Entonces, la noche del Sábado Santo, acabé llorando y leyendo con rabia sobre cómo hacer cócteles molotov. Ese día había leído acerca del bombardeo de Odesa. Una abuela, una madre y un niño habían muerto en un apartamento. ¡Cristo ha resucitado!
Me marché al campo para la fiesta de Radonitsa[3]. Mi tío Vasile me preguntó cuándo llegaría aquí el caos. Él luchó en 1992 en el Dniéster. Le dije al tío Vasile que no llegaría hasta aquí. Le comenté que las explosiones en Transnistria eran una especie de ensayo de danza. Los separatistas de allí estaban observando para asegurarse de que saltaríamos. No querían perder el control del poder, ni tampoco querían luchar. Para ellos, todo es cuestión de dinero.

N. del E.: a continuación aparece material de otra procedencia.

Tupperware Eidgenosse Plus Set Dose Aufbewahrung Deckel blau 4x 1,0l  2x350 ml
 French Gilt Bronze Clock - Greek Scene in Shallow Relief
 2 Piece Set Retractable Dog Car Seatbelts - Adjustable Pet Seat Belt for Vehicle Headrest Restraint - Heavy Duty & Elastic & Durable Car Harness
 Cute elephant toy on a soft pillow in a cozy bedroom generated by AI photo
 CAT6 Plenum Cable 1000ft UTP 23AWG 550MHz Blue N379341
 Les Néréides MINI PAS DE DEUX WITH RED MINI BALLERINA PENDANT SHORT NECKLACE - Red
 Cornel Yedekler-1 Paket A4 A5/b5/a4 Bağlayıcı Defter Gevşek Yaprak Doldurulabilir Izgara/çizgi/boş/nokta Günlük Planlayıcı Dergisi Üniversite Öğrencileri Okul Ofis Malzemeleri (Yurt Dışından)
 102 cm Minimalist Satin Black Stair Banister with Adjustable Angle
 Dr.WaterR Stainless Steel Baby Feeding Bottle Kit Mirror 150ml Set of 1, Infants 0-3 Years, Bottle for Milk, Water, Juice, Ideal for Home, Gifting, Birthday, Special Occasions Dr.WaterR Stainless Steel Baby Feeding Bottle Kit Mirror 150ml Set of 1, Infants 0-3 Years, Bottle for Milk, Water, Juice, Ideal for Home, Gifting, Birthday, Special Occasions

“Una pitonisa en Edinet me dijo que moriría en unos meses. Espero morir antes de llegue aquí el caos. Después de la guerra de 1992, estoy hasta aquí” me contestó el tío Vasile. Y levantó la mano para mostrarme hasta dónde llegaba su hartazgo. Intenté calmarle. “La pitonisa solo estaba trabajando”, comenté, “tenía que ganarse su dinero. No seas ingenuo”. El tío Vasile asintió mientras encendía un cigarro, suspiró y se fue a beber. Unas horas después, le escuché gritando en la calle, “¡Besarabia está en llamas! ¡Besarabia está en llamas!”.
Me producía ansiedad el Día de la Victoria, el 9 de mayo. Pero llegó y se fue con sus habituales lazos negros y naranjas, con su arrogancia y brutalidad. Pagaron a personas para que cogieran autobuses y acudieran a la ciudad a las celebraciones. Me recordó a cómo pagaban a las personas para que votaran a ciertos candidatos.
Más gente empezó a hablar sobre donaciones de armas desde el extranjero. Moldavia es un país neutral, pero eso no significa que sea indiferente ante su propia seguridad. Los principales expertos militares y generales de Moldavia seguían repitiendo la misma frase: no hay peligro de que nos invada el ejército ruso.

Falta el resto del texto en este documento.